BAR HARBOR, Maine — Whether it's coastal beauty, yummy food, or celebrity residents, Bar Harbor is known for many reasons. Recently, however, it has become the center of a cruise ship debate.
A recent survey of Bar Harbor residents and business owners found 55% of the nearly 1,400 respondents view cruise ships as having a negative impact on the town.
For years, cruise ships have earned the town millions of dollars. But the ships also bring hundreds of thousands of passengers to its narrow and already crowded streets.
“I think part of this is just protecting the quality of life for our residents and for our visitors,” Bar Harbor town councilor Gary Friedmann said. “Our town’s already overcrowded on many days.”
Friedmann isn't the only one with these concerns. This is why Bar Harbor town councilors are meeting on Aug. 2 to discuss new limitations on cruise ships.
“I believe that there’s a role for [cruise ships] in this town, but that they should be limited,” Friedmann said.
During the early August workshop, according to Bar Harbor council chair Jeff Dobbs, councilors will consider restricting the number of cruise ships that come during the year, the number of passengers that come to shore, the maximum size of ships, the number of days a year cruise ships can come, and where they can anchor.
“We have a lot... maybe too many [cruise ships],” Dobbs, who wants the town to cut back on the number of ships that visit, said. "In 2019, there were 294,000 passengers that visited Bar Harbor.

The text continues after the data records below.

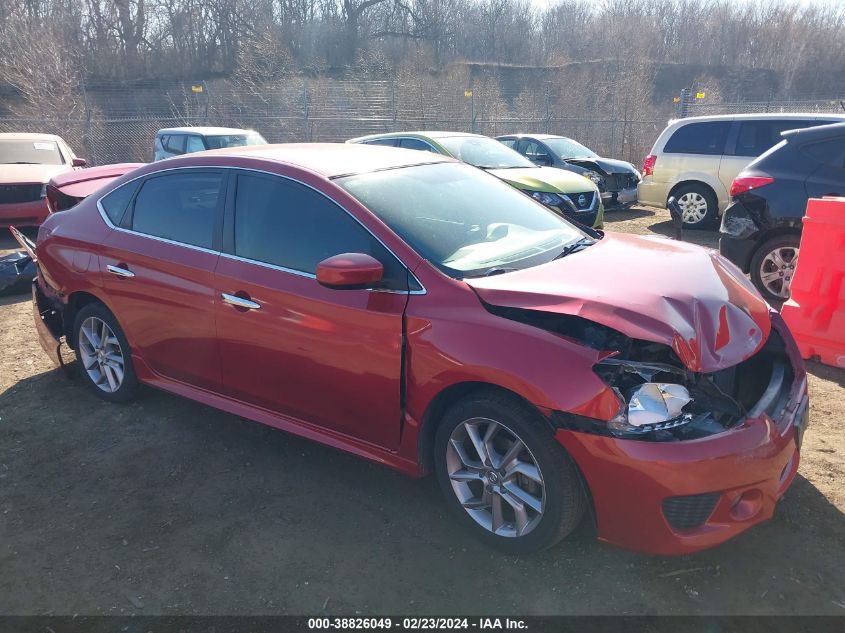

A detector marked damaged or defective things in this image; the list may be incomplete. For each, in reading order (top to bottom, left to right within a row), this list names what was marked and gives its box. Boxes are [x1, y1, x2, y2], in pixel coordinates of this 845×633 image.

crumpled hood [0, 163, 71, 185]
crumpled hood [484, 165, 596, 193]
black damaged vehicle [494, 133, 640, 207]
crumpled hood [564, 157, 636, 175]
black damaged vehicle [720, 123, 844, 304]
crumpled hood [468, 231, 772, 370]
damaged red sedan [24, 143, 804, 552]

In my proposal to cut a third, that would drop [the number of passengers] to 160,000."
It's a proposal some worry will hurt local businesses that rely on the money cruise ships and passengers bring to Bar Harbor.
"I think that we have to come up with a fair and equitable solution recognizing that there are businesses and restaurants that rely on that revenue," Friedmann said.
One Bar Harbor business impacted by cruise ships is Fair Trade Winds.
“There are days where there are five to 6,000 people coming off a cruise ship at once, which can get really hectic," Fair Trade Winds owner Paul Culler said.
Culler told NEWS CENTER Maine he’s worried that cruise ships could be restricted too much.
"Rents are really high and if you don’t have tourists to take us from July 4th till the end of Oct., it becomes very difficult then to sustain that business," he said.